RÜZGÂR GİBİ GELDİ GEÇTİ GİTTİ

Gerçekten de bazı şeyler uçup gittiğinde veya elimizden kayıp gittiğinde ya da daha genel çerçeveden baktığımızda…

Yerle yeksan olduğunda…

Veya yitip gittiklerinde, “daha değerli” olmakta veyahut kadir kıymeti artmakta.

Zamanında, bundan yıllar önce biz orta yaşlıların daha yolun başında, orta yaş üzeri epeyce bir yılları devirmiş olanların da biz yaşlarda oldukları zamanlarda, sanki hiçbir zaman elimizden kayıp gitmeyecek, sanki hiçbir zaman hasretini çekeceğimizi düşünmediğimiz şeyler, davranışlar, özel günler ve dolayısıyla bu özel günlerle ilgili tavır ve tutum değişiklikleri, modern zamanların milenyum kesitinde biz yalnızları epeyce kederlere sürüklemekte.

Ne o eski bayram ritüellerinden ne de o eski İstanbul manzaralarından eser kaldı. O eskinin, bizim gençlik yıllarımızda bize anlamsız ve eziyet gibi gelen âdetlerin yerinde artık yeller esiyor. Nerede o eski günler ve bayramlar demenin de bir anlamı kalmadı. Çünkü, o dönemlerden köşe yazılarında dem vuran, o dönemin güzelliklerinden bahis açan köşe yazarlarımız; yıllara âdeta meydan okuyan ne Mehmet Barlas ne de Hıncal Uluç artık yerinde. Rahmetle andığımız değerlerimiz olarak anılarda yer edindiler.

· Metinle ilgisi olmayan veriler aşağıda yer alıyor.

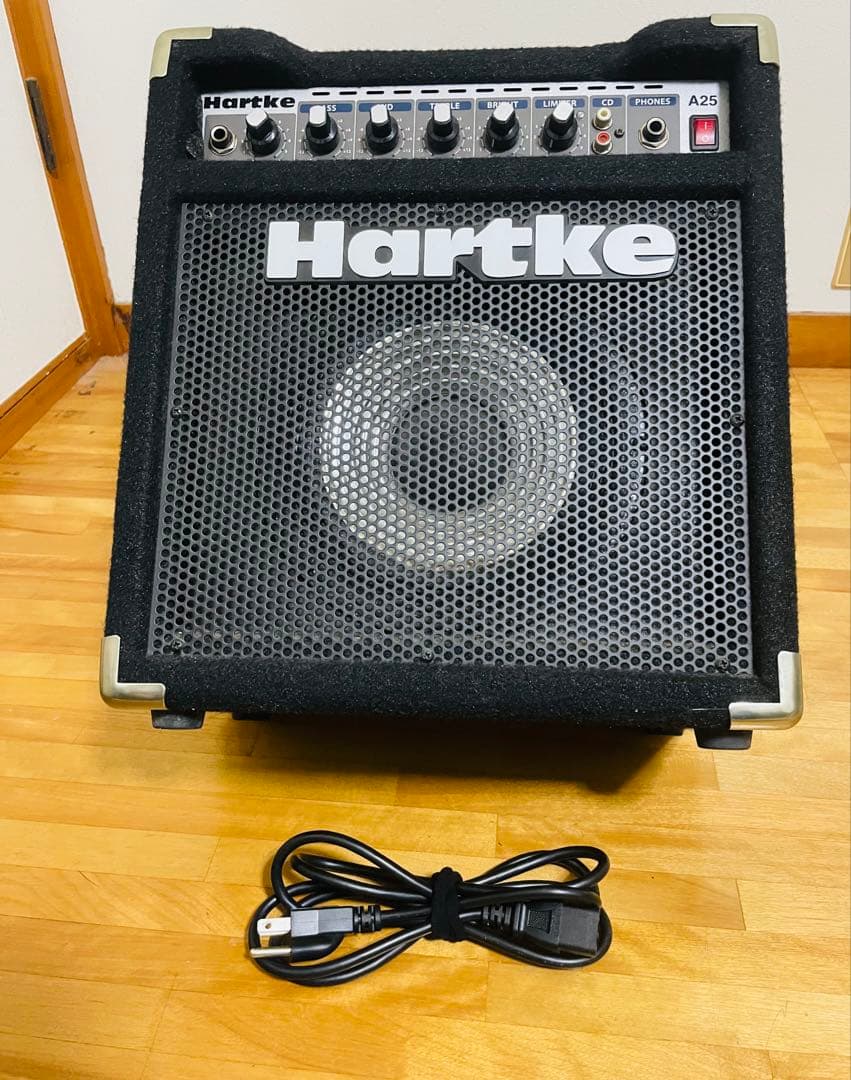 【送料無料】Hartke A25 ポータブルベースアンプ A70715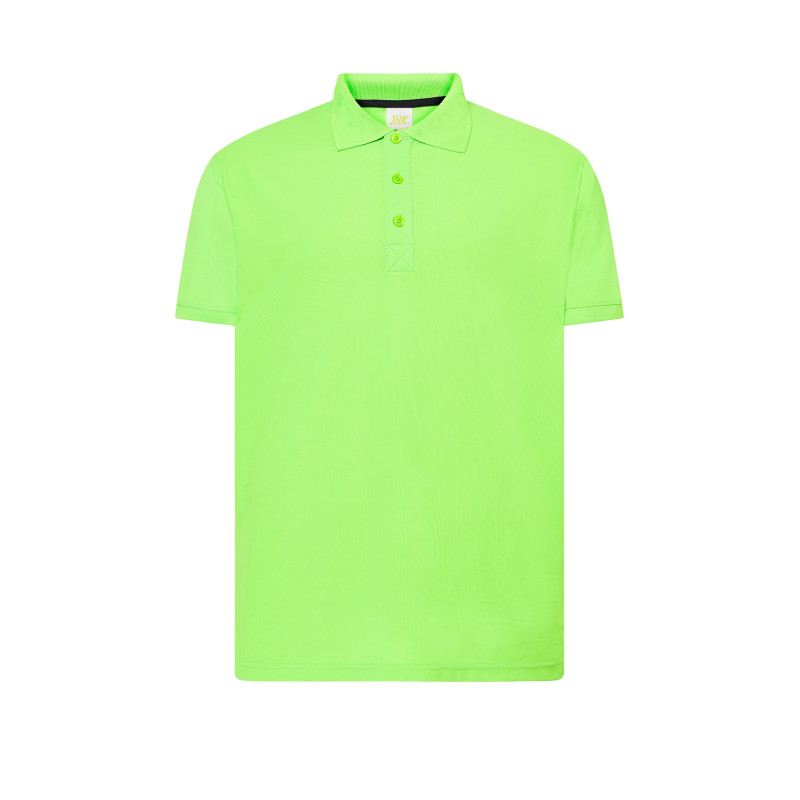 JHK SPORT POLO PIQUE MAN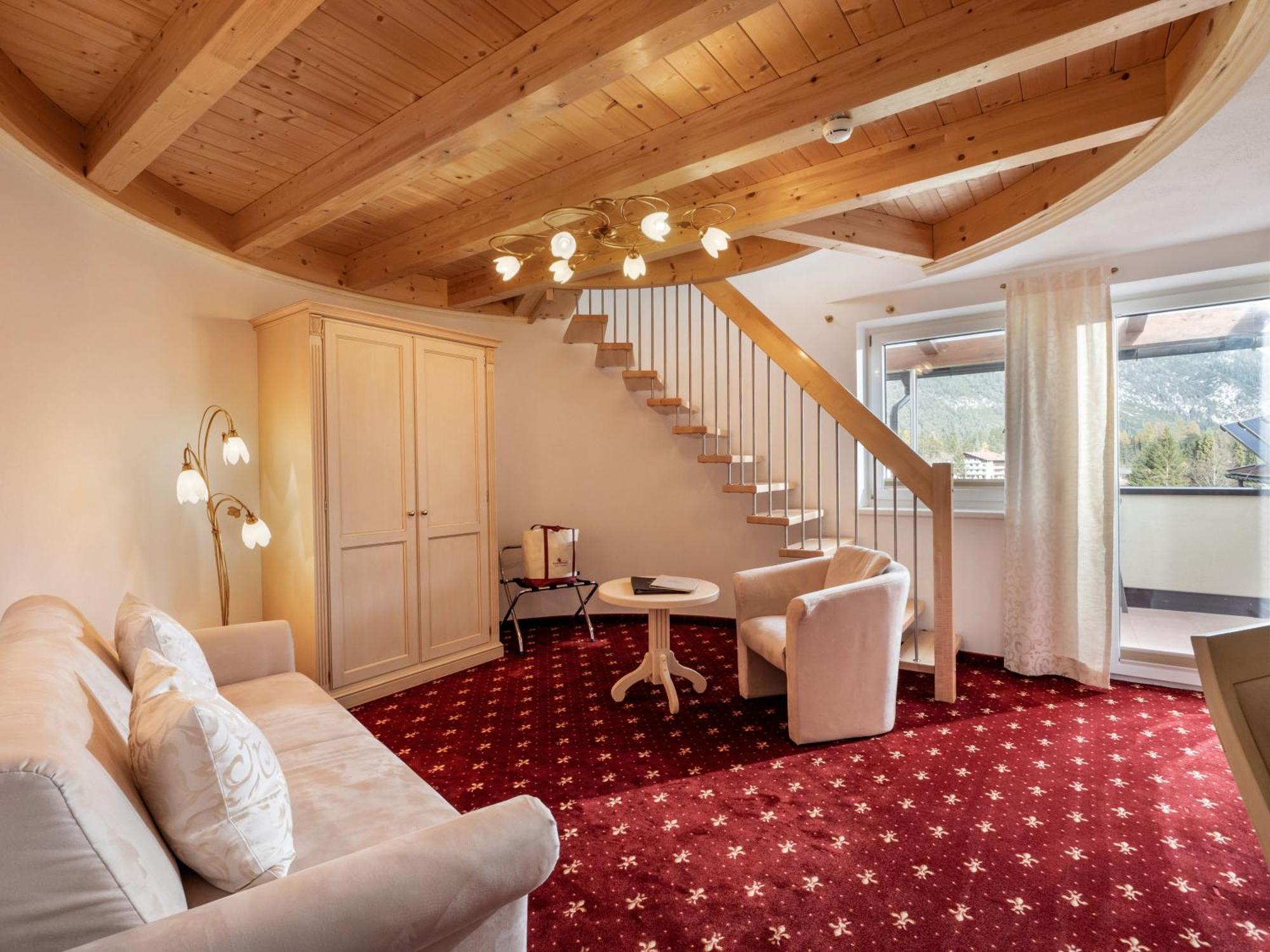 Alpenhotel Karwendel -Adults Only- Leutasch Esterno foto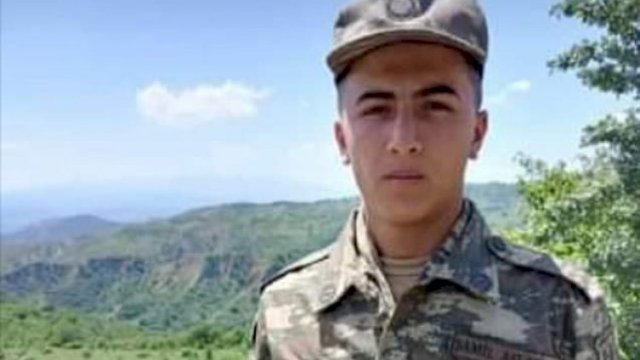Həlak olan əsgərimiz 8 ay əvvəl orduya çağırılıb -xa0FOTO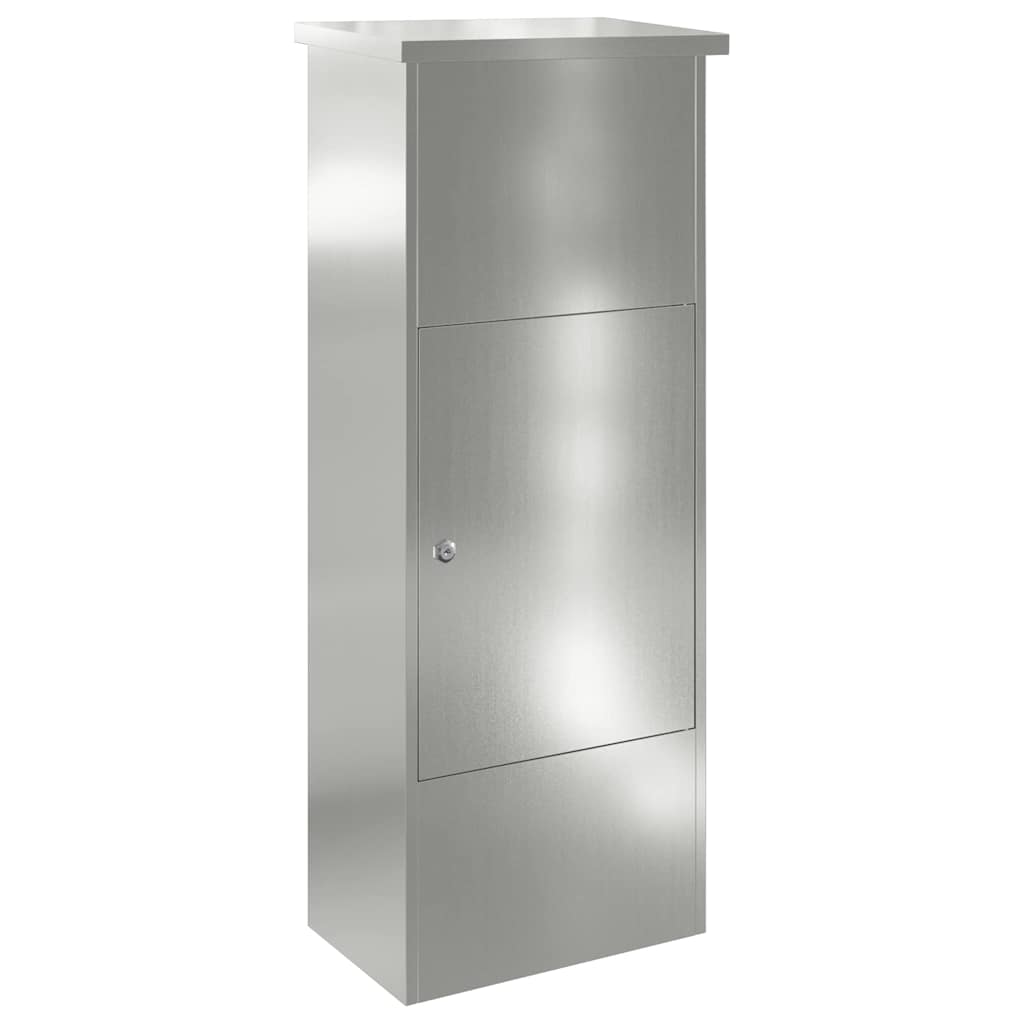 Cassetta per pacchi Nero 44,5 x 29 x 110,5 cm Acciaio zincato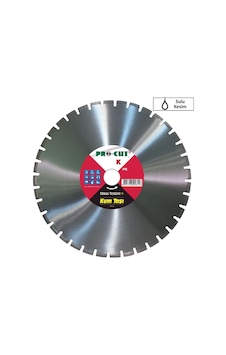 Procut 50981 K kum Taşı Serisi Elmas Testere 600 Mm Procut 50981 K kum Taşı Serisi Elmas Testere 600 Mm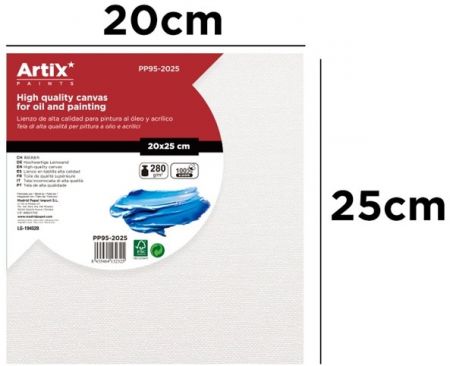 Plátno na desce 20x25 cm PP95-2025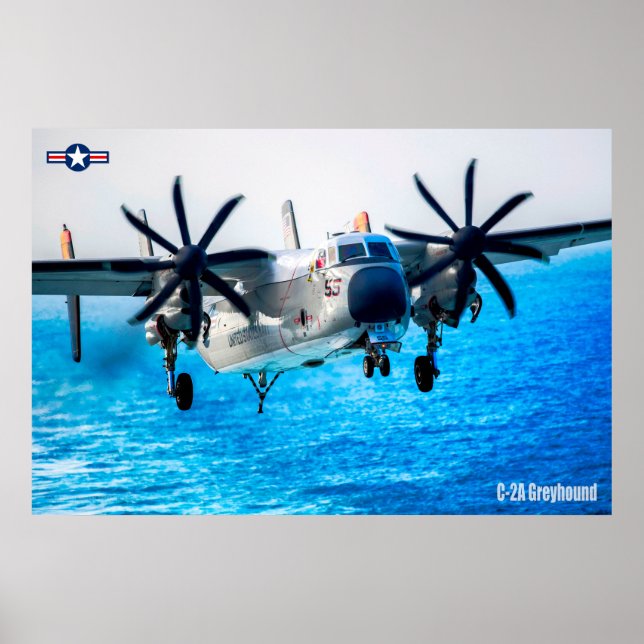 C-2A GREYHOUND POSTER (Front)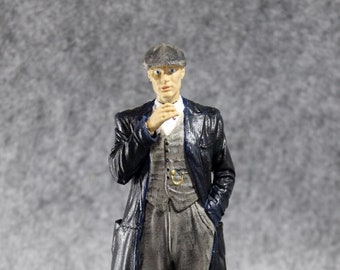 Thomas Shelby , Cillian Murphy Peaky Blinders 15cm Bust / Action Figure Desktop Decoration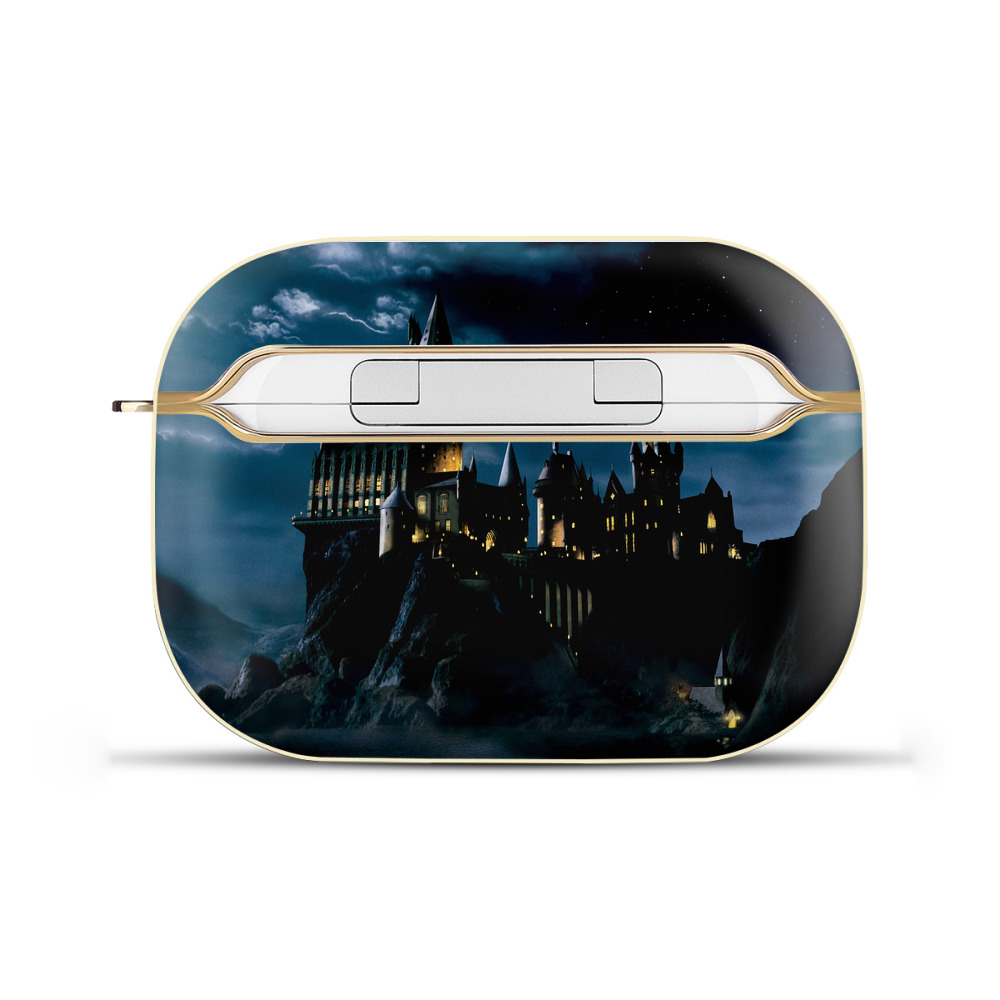 （画像用） Harry Potter ハリー・ポッターシリーズ 【AirPods Pro用】ハードシェル保護ケース｜耐衝撃・防指紋・カラビナ付き商品仕様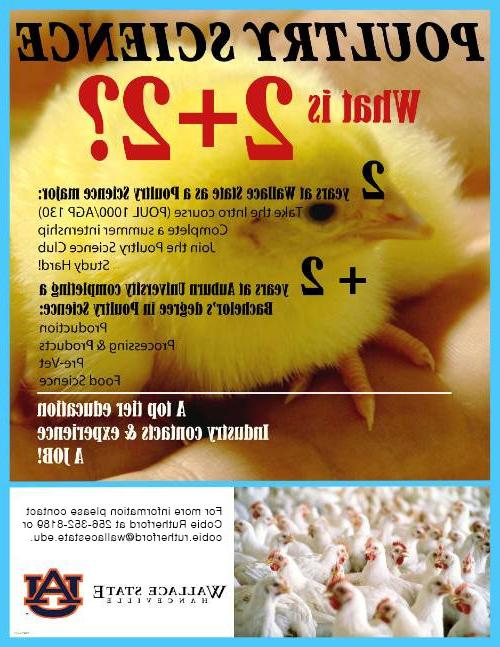 Poultry Science Flyer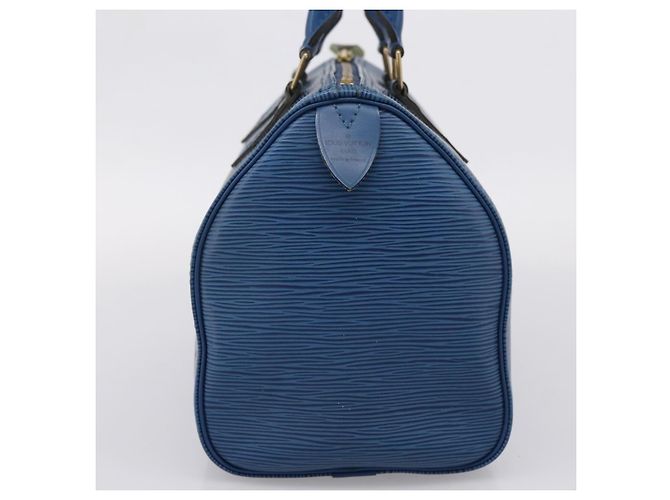 Louis Vuitton Speedy Epi Leather 25 Blau - Ansicht 3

Tabii ki insanoğlunun nasıl ki doğanın gücü üzerinde ona etkili bir biçimde mukavemet gösterecek bir keşfi veya yeteneği yok ise, dönemler ve takvimler ardı sıra devrilirken de sahip olduğu şeylerin birânda varken sonrasında yok olup gitmesindeki durumunu ancak “acizlik” açıklayabilir. Aslında gelen gidenlere ve geçen süreçlere neden bu raddede duygusal boyutlarda bağlıyız? Yaşlılığı durdurabiliyor muyuz? Ölüm karşısındaki durumumuza ne denebilir? Çaresizlik ile mutlak ve büyük bir sükûnetle kabulleniş. İnsanlar olarak tuhaf bir türüz. Gerçekten de sahip olduğumuz veya ânda mutluluk veren şeylerin değerini neden o ânda bilmiyoruz? Elbette bu mutluluk ve haz veren şeyler ve dönemler gelip geçecek, geriye sadece tortusu kalacak.

Ee o zaman diyeceksiniz, diyebilirsiniz?

Ben tavsiye ya da akıl verme makamında değilim; herkes bildiği ve gördüğü gibi yaşamaya devam edecek.